STUDY MATERIAL =>

"""

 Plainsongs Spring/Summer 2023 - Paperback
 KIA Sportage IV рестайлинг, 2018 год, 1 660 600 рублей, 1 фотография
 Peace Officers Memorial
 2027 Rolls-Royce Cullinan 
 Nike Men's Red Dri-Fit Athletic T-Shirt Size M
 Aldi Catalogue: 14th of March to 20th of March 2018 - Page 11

"""
"""

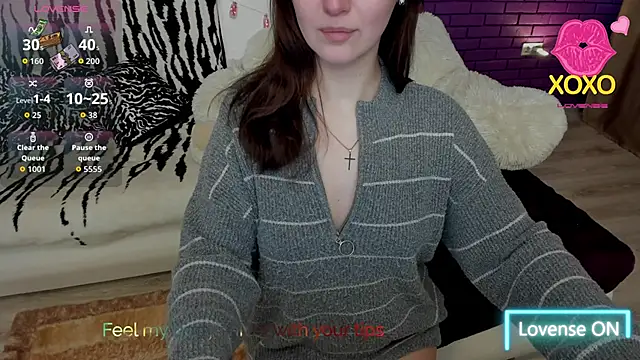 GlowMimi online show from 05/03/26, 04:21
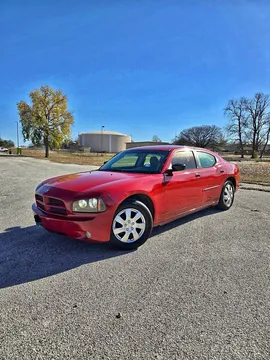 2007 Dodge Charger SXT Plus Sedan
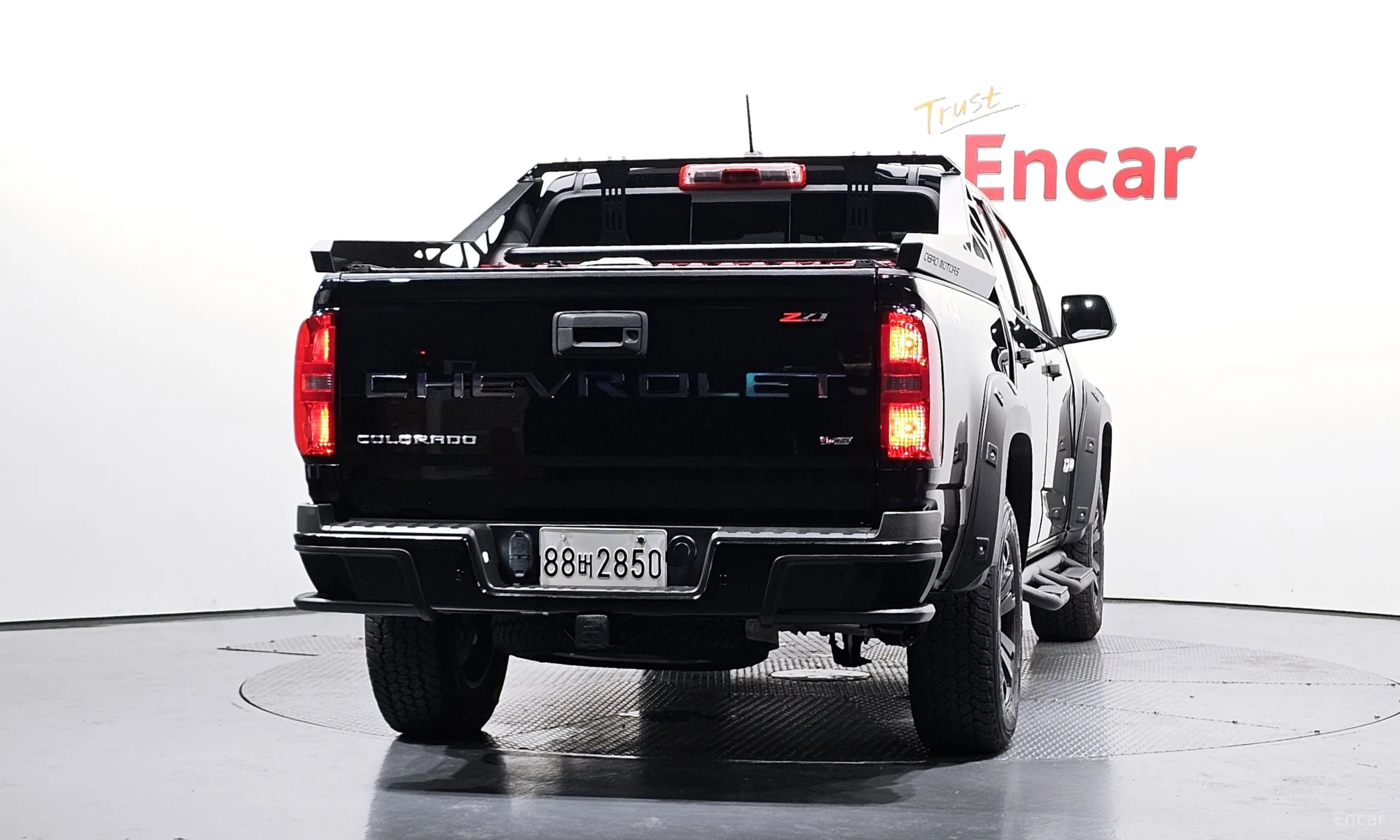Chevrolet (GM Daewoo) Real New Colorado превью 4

"""
"""

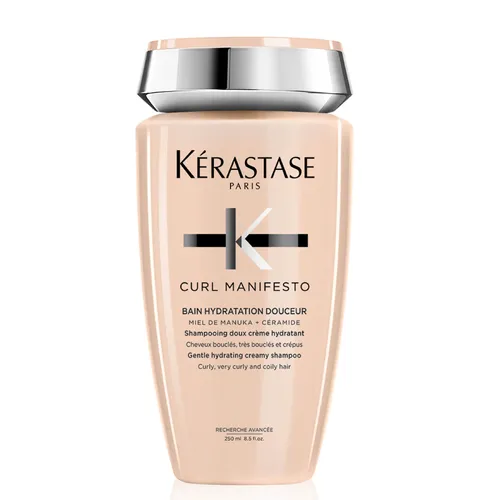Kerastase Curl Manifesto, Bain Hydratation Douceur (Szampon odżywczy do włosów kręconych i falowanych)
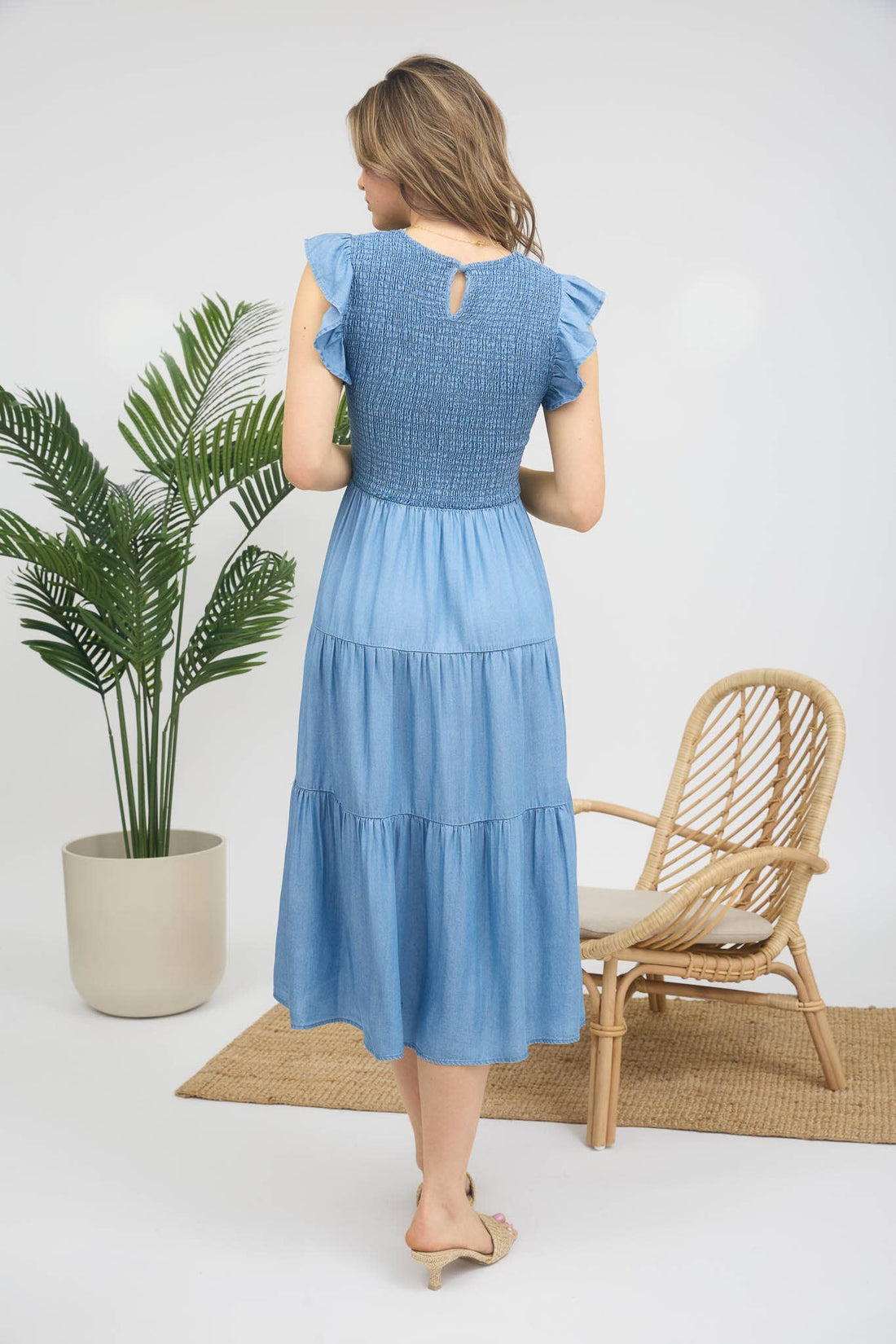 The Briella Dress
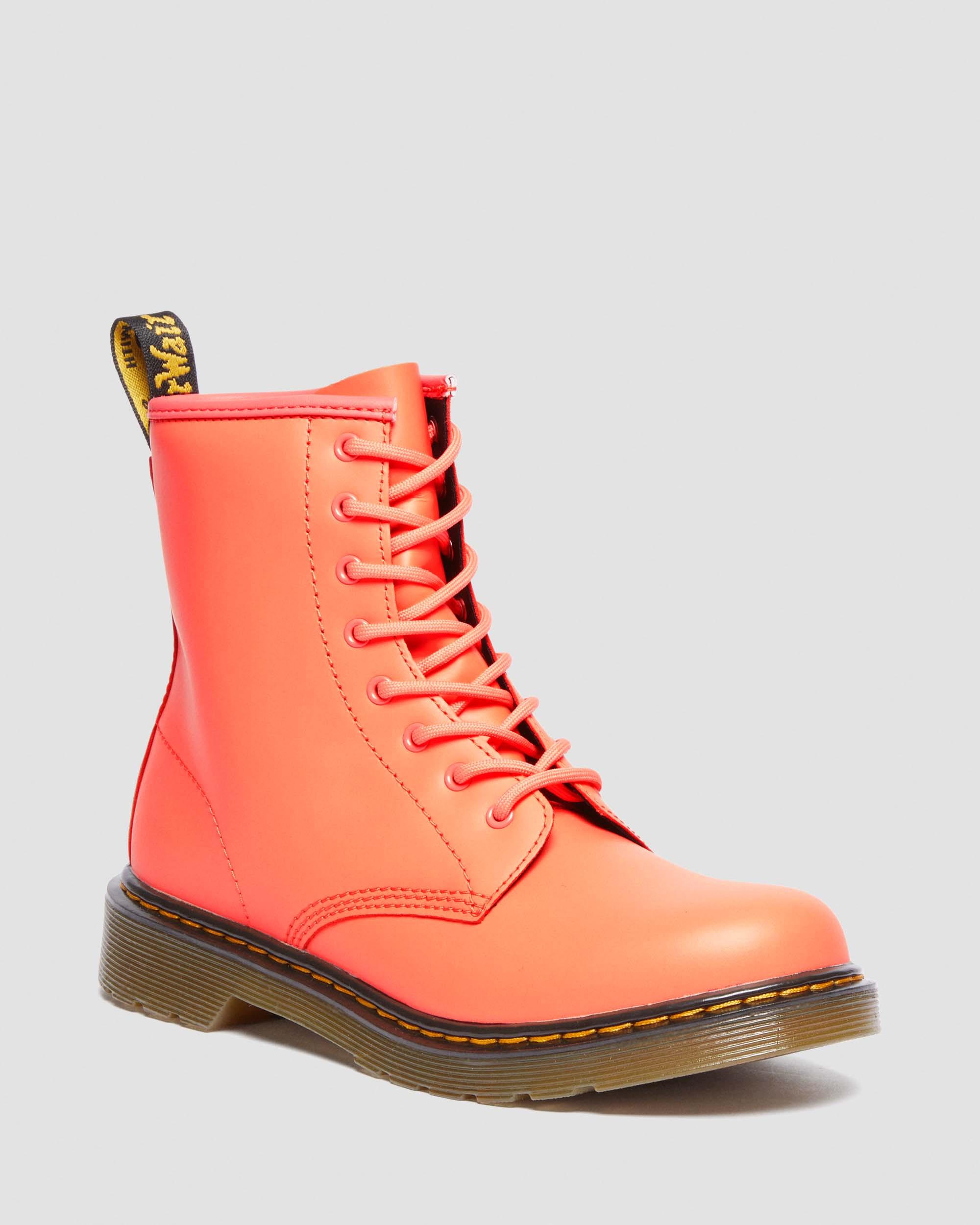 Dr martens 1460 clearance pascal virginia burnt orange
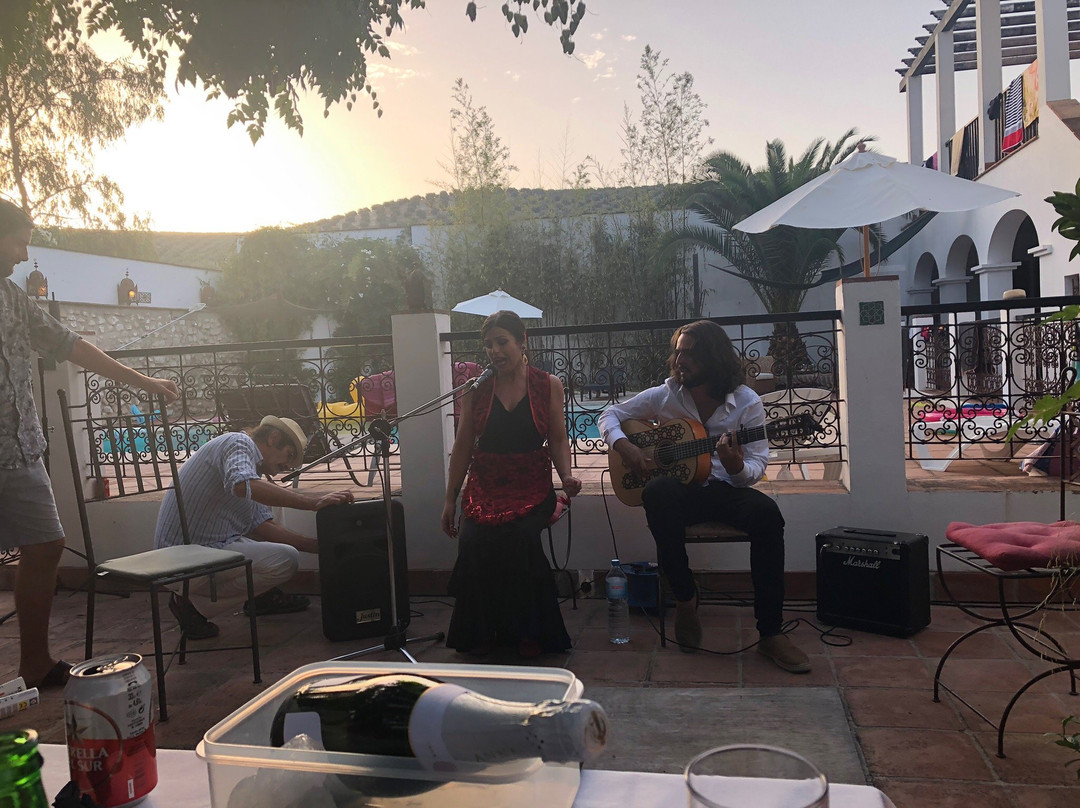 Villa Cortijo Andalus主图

"""

YOUR INSTRUCTIONS =>
The exact lines of the material above starting at the one that contains "Plainsongs Spring/Summer 2023 - Paperback" and ending at the one that contains "Aldi Catalogue: 14th" are what to retype; leave out everything else.

REPLY TO THE TASK =>
 Plainsongs Spring/Summer 2023 - Paperback
 KIA Sportage IV рестайлинг, 2018 год, 1 660 600 рублей, 1 фотография
 Peace Officers Memorial
 2027 Rolls-Royce Cullinan 
 Nike Men's Red Dri-Fit Athletic T-Shirt Size M
 Aldi Catalogue: 14th of March to 20th of March 2018 - Page 11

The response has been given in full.